START Data for analysis

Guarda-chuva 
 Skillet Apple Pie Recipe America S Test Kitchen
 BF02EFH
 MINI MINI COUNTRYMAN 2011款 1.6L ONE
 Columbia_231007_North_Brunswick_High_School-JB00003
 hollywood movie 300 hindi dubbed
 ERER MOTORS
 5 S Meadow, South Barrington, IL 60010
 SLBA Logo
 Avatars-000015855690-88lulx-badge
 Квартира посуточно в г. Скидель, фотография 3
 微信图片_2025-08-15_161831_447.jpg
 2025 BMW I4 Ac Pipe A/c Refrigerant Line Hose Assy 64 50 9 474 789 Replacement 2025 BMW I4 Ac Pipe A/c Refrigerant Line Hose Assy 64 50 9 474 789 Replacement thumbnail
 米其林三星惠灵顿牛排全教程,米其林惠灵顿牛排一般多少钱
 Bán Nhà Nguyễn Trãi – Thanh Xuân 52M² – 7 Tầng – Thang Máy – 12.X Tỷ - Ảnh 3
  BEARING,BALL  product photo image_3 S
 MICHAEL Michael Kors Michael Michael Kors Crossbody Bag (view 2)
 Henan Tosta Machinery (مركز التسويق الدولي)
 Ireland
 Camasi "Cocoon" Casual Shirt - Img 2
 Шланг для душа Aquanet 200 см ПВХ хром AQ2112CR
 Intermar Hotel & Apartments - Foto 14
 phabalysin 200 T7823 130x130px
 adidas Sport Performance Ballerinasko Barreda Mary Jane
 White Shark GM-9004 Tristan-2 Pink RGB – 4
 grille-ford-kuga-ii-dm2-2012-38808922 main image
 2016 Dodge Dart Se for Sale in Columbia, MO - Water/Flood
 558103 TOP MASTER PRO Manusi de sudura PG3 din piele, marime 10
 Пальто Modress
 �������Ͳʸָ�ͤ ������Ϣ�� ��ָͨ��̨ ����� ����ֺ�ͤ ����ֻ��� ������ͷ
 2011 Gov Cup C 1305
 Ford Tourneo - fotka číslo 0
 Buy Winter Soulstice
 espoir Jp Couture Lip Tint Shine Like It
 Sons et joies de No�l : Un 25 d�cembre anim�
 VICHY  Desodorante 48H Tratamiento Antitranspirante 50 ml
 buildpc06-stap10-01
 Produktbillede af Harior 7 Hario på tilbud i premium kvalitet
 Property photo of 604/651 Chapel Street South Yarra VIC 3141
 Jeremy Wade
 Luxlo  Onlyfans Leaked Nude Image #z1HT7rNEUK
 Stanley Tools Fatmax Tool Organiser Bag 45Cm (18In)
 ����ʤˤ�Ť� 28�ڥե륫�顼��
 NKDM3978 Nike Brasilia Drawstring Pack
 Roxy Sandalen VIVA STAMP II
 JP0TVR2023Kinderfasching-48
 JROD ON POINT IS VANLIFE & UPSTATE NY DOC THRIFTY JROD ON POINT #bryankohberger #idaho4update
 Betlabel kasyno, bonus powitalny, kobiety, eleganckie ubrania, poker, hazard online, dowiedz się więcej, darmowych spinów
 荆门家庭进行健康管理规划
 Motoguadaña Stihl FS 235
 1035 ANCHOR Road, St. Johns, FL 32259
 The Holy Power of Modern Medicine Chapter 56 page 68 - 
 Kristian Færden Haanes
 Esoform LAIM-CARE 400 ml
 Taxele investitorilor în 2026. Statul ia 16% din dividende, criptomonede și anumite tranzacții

END Data for analysis

> [Action item]:
Search the material for "photo" and copy each matching line.

> [Task answer]:
  BEARING,BALL  product photo image_3 S
 Property photo of 604/651 Chapel Street South Yarra VIC 3141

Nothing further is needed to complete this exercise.